##### AVAILABLE DATA #####
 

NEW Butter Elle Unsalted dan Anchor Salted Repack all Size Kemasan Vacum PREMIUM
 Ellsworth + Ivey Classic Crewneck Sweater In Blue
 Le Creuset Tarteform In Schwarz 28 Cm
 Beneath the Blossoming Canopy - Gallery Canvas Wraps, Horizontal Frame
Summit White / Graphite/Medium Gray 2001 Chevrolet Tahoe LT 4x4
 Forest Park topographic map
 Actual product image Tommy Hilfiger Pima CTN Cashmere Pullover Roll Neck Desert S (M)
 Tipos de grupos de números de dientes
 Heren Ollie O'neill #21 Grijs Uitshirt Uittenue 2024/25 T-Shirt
#####
##### AVAILABLE DATA #####
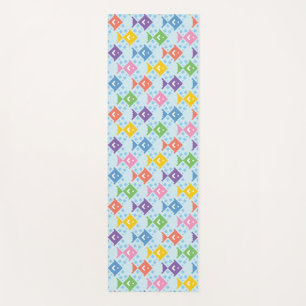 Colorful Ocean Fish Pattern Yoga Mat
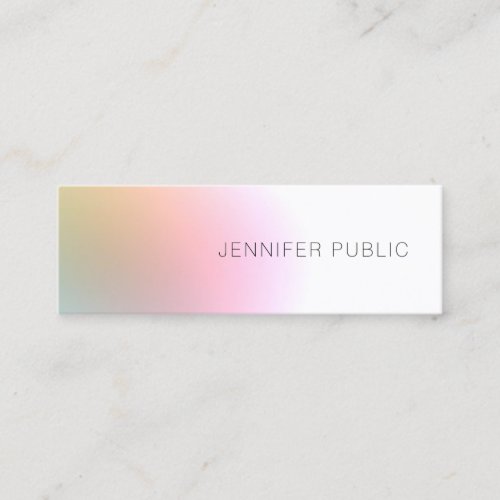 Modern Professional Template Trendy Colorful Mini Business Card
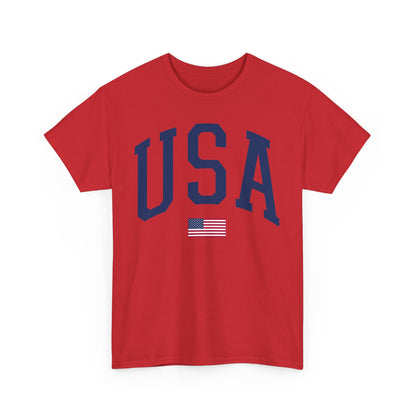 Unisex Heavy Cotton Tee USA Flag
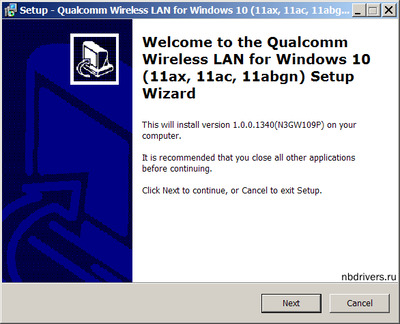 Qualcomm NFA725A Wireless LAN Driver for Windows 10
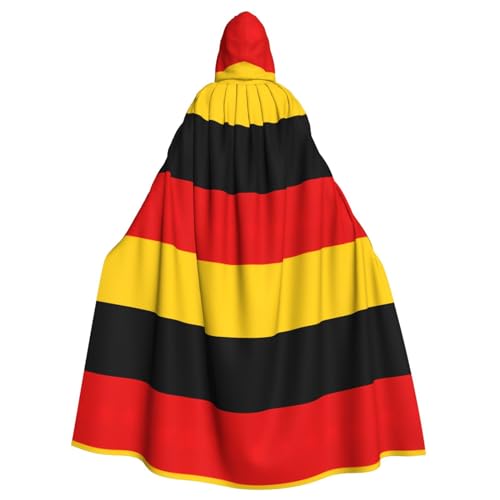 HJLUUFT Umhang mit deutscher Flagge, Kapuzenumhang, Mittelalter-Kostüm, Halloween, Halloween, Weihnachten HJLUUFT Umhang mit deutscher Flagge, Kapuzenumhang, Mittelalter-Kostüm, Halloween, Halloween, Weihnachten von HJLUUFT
#####
> WHAT TO DO:
Could you write out exactly the lines of the data above that run from the one holding "Modern Professional Template" to the one holding "Weihnachten von HJLUUFT", with both ends in and all pictures out?

> SOLUTION:
 Modern Professional Template Trendy Colorful Mini Business Card
 Unisex Heavy Cotton Tee USA Flag
 Qualcomm NFA725A Wireless LAN Driver for Windows 10
 HJLUUFT Umhang mit deutscher Flagge, Kapuzenumhang, Mittelalter-Kostüm, Halloween, Halloween, Weihnachten HJLUUFT Umhang mit deutscher Flagge, Kapuzenumhang, Mittelalter-Kostüm, Halloween, Halloween, Weihnachten von HJLUUFT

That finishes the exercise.